Baptiste Godrie, professeur à l’École de travail social
Les questions sont bonnes.
Tellement bonnes que plusieurs chercheurs et chercheuses en ont creusé de nombreux aspects : fiscalité, aide sociale, salaire minimum, panier de consommation, éducation, idéologies qui légitiment les inégalités sociales… Tellement bonnes, même, qu’elles ont mené à l’adoption, en 2002, de la Loi visant à lutter contre la pauvreté et l’exclusion sociale, notamment grâce à l’action du Collectif pour un Québec sans pauvreté.
Dans son esprit original, cette loi visait à prioriser l'amélioration des conditions de vie du cinquième de la population le plus pauvre sur l'amélioration du revenu du cinquième le plus riche.
« Mais, dans les faits, cette proposition n’a pas abouti dans la Loi. Socialement, on a même été dans le sens contraire », précise Baptiste, citant en exemple de « considérables augmentations des revenus » des plus riches.
En 20 ans, le fossé des inégalités s’est encore creusé, malgré les recherches, les revendications citoyennes et même le recours à – au moins – une mesure légale.

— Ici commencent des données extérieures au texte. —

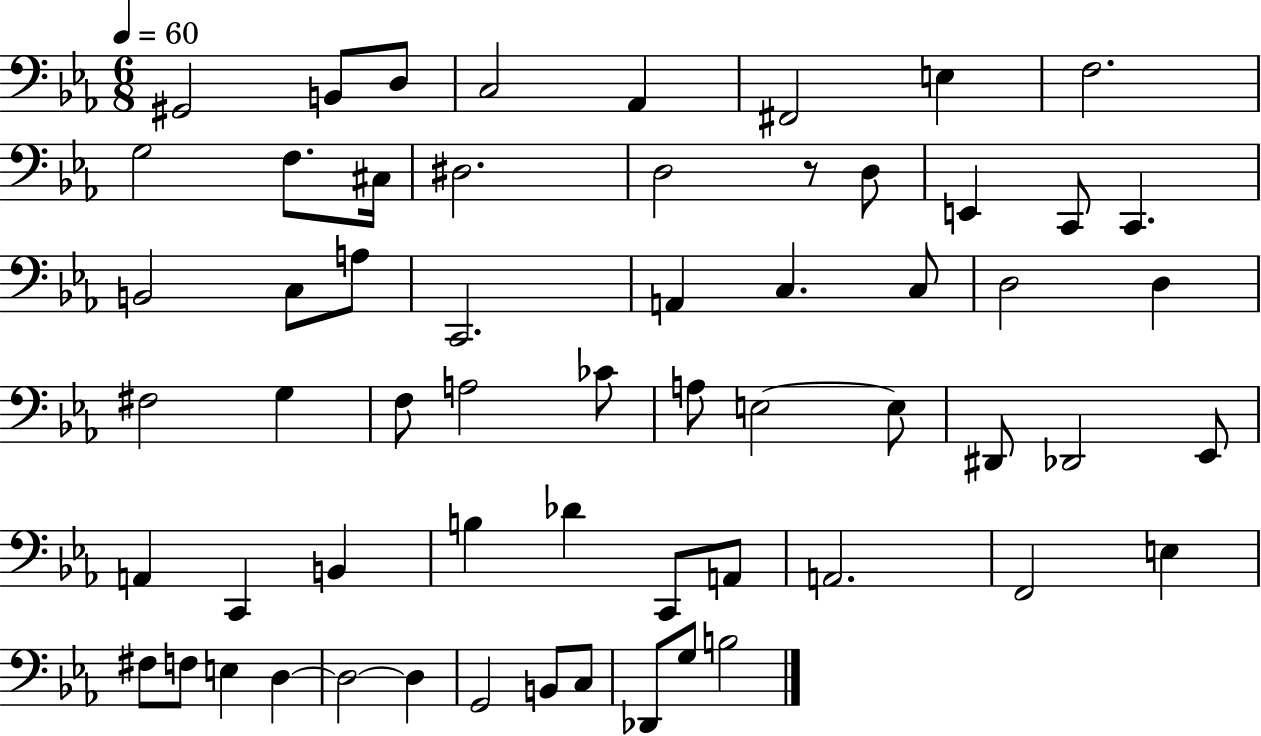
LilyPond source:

{
  \clef bass
  \numericTimeSignature
  \time 6/8
  \key ees \major
  \tempo 4 = 60
  gis,2 b,8 d8 | c2 aes,4 | fis,2 e4 | f2. | \break g2 f8. cis16 | dis2. | d2 r8 d8 | e,4 c,8 c,4. | \break b,2 c8 a8 | c,2. | a,4 c4. c8 | d2 d4 | \break fis2 g4 | f8 a2 ces'8 | a8 e2~~ e8 | dis,8 des,2 ees,8 | \break a,4 c,4 b,4 | b4 des'4 c,8 a,8 | a,2. | f,2 e4 | \break fis8 f8 e4 d4~~ | d2~~ d4 | g,2 b,8 c8 | des,8 g8 b2 | \break \bar "|."
}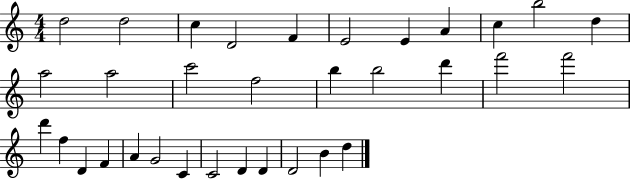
{
  \clef treble
  \numericTimeSignature
  \time 4/4
  \key c \major
  d''2 d''2 | c''4 d'2 f'4 | e'2 e'4 a'4 | c''4 b''2 d''4 | \break a''2 a''2 | c'''2 f''2 | b''4 b''2 d'''4 | f'''2 f'''2 | \break d'''4 f''4 d'4 f'4 | a'4 g'2 c'4 | c'2 d'4 d'4 | d'2 b'4 d''4 | \break \bar "|."
}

Qu’est-ce qui nous manque, alors?
La réponse du sociologue de formation surprend. À ses yeux, un des éléments négligés par notre conversation sur la pauvreté et les inégalités, ce sont… des voix – avec tout ce qu’elles véhiculent d’expériences et de savoirs.

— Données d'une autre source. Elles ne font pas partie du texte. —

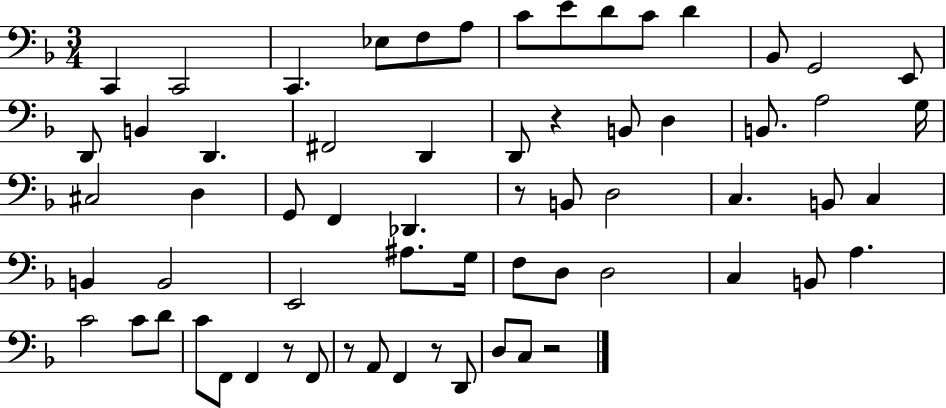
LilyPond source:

{
  \clef bass
  \numericTimeSignature
  \time 3/4
  \key f \major
  c,4 c,2 | c,4. ees8 f8 a8 | c'8 e'8 d'8 c'8 d'4 | bes,8 g,2 e,8 | \break d,8 b,4 d,4. | fis,2 d,4 | d,8 r4 b,8 d4 | b,8. a2 g16 | \break cis2 d4 | g,8 f,4 des,4. | r8 b,8 d2 | c4. b,8 c4 | \break b,4 b,2 | e,2 ais8. g16 | f8 d8 d2 | c4 b,8 a4. | \break c'2 c'8 d'8 | c'8 f,8 f,4 r8 f,8 | r8 a,8 f,4 r8 d,8 | d8 c8 r2 | \break \bar "|."
}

Mais pas n’importe quelles voix : celles qu’on n’entend jamais. Ou, peut-être, qu’on entend, sans vraiment écouter.
La décrédibilisation de la parole de certains groupes est une des sources importantes des inégalités sociales, de leur reproduction. Nier la légitimité d’une parole, c’est indirectement nier l'expérience qu’elle décrit. Et c’est se priver de tout ce qu’elle a à raconter et à proposer.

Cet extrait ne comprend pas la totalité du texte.